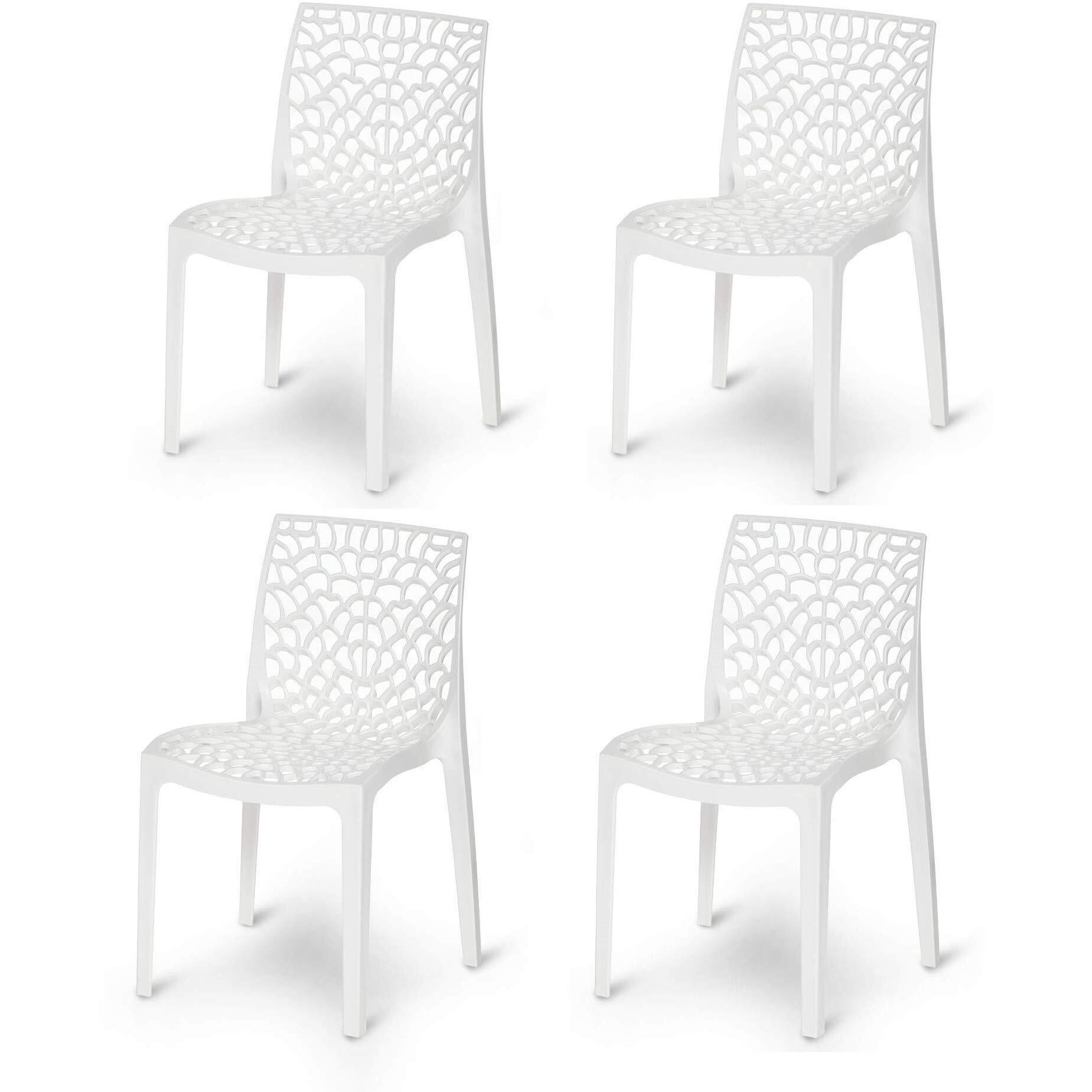 Rw Rest Well Web Designer Plastic Outdoor Chair (Set Of 4, White)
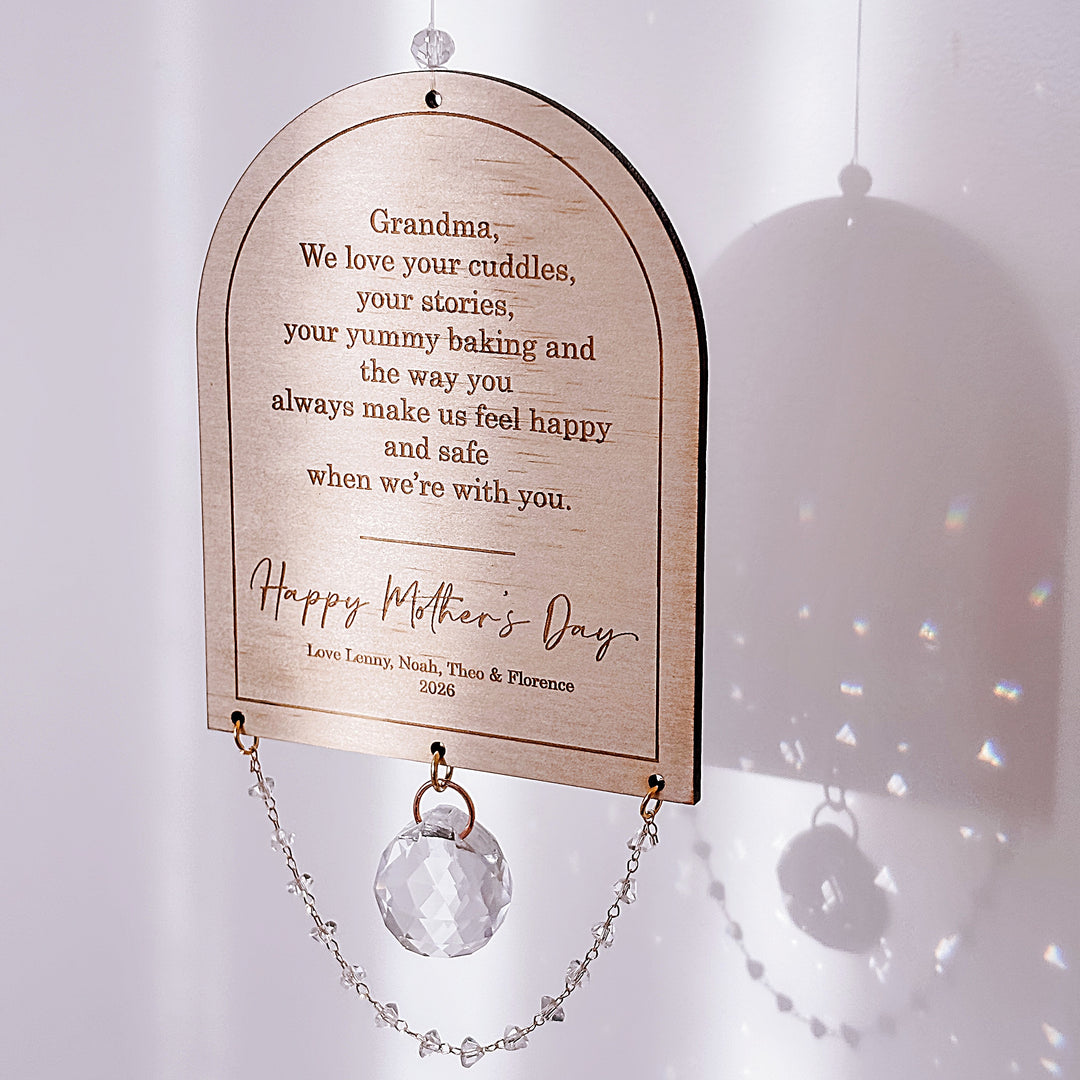 Personalised Arch Suncatcher - Glass Crystal Keepsake - Mother&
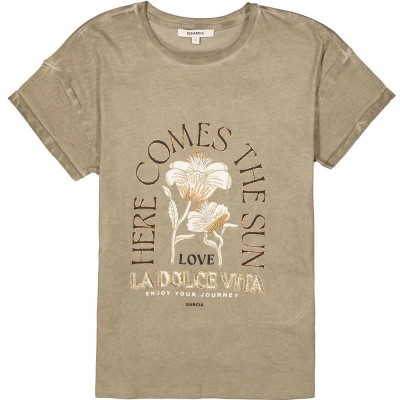 тениска,дамски,тениски,garcia,b50005,short,sleeve,t,shirt,summer,olive,(beige)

──────

▶ **EXERCISE**
Give the data again exactly as written, with no pictures included.

▶ **TASK RESULT**
 Rw Rest Well Web Designer Plastic Outdoor Chair (Set Of 4, White)
 Personalised Arch Suncatcher - Glass Crystal Keepsake - Mother&
 тениска,дамски,тениски,garcia,b50005,short,sleeve,t,shirt,summer,olive,(beige)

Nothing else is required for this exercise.